Western Europe leads IT pay

Six of the world’s 10 highest-paying countries for information technology (IT) managers are in Western Europe, according to a new survey conducted by recruitment consultant Mercer. Switzerland leads the way in IT salaries – where the average salary for an IT manager is worth £74,150 a year – followed by Denmark, Belgium and the UK. The US and Canada rank sixth and eighth respectively.

The average UK salary was £62,180, reports Mercer, while in the US the average was just £56,550. The survey, which also named the least attractive countries in terms of remuneration, cited Vietnam as the country paying its IT managers the least. Here they could expect to earn just £8,140.

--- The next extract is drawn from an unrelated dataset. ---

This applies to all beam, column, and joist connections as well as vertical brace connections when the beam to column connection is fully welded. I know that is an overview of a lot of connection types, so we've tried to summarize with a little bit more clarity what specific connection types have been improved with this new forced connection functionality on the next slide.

While outsourcing has lowered wages for lower-level skills, IT professionals in Western Europe and the US can still expect to be handsomely rewarded for their skills, says David Van De Voort, IT workforce specialist at Mercer: “The impact of outsourcing and off-shoring on IT roles in North America and Western Europe helps explain the pattern of global pay. Lower-level roles are being moved to regions where talent is cheaper; the jobs that remain in Western Europe and the US may be fewer in number but are more demanding and complex roles like vendor relationship manager, internal consultant and IT business partner.”

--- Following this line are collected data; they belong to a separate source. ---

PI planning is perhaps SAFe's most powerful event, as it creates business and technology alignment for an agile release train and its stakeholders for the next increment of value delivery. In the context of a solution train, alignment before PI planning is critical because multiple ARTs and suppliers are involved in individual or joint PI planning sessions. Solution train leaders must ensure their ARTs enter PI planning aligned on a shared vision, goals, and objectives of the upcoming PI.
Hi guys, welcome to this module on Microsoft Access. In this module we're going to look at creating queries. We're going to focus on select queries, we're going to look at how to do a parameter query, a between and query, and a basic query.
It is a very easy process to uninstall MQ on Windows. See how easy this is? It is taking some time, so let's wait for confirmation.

The survey also highlighted that the relationship between experience/skill level and pay varies in different countries. For example, large pay gaps exist between junior and senior career streams in Indonesia, India, Brazil, Chile and Vietnam, which have the highest pay progression ratios between the lowest and highest career streams. In the US and many western European nations, pay increases proportionately with experience.

Mercer’s 2007 survey of global IT pay rates compared remuneration packages for IT staff in 6,545 companies in 35 countries.

 

Pete Swabey

Pete Swabey

Pete was Editor of Information Age and head of technology research for Vitesse Media plc from 2005 to 2013, before moving on to be Senior Editor and then Editorial Director at The Economist Intelligence...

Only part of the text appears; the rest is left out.